In the future, the kind of bishops and priests who rebuild confidence in the Church’s spiritual authority — and I’m not just talking about the Catholic Church, but all churches — will be the kinds of bishops and priests who testify to the truth of Christianity by the integrity of their lives. As Kierkegaard said, religious truth is the kind of truth that can only be grasped subjectively. In this sense, the saints are far greater testimonies to the truth of Christianity than books of theology or mitred mediocrities. In a secular sense, I didn’t really become convicted of things I professed to believe about the importance of place and community until I saw those things lived out in my hometown in the long death of my sister. Those truths, which I held in my mind, did not come alive for me until they entered my heart — and they didn’t enter my heart until I saw what it meant to live as if they were true.

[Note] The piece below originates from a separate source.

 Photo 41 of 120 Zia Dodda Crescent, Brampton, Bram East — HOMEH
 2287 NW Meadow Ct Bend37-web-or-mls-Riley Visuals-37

The problem with so many religious leaders today is summed up in something a Catholic priest friend told me years ago when I asked him if he could explain why so many of the bishops failed so miserably when faced with pederast priests. He said, and I paraphrase: “In the end, I think they just don’t believe in God.” Because if they did believe in God, they would have acted differently. In an age when authority is thin, deeds carry far, far more weight than words.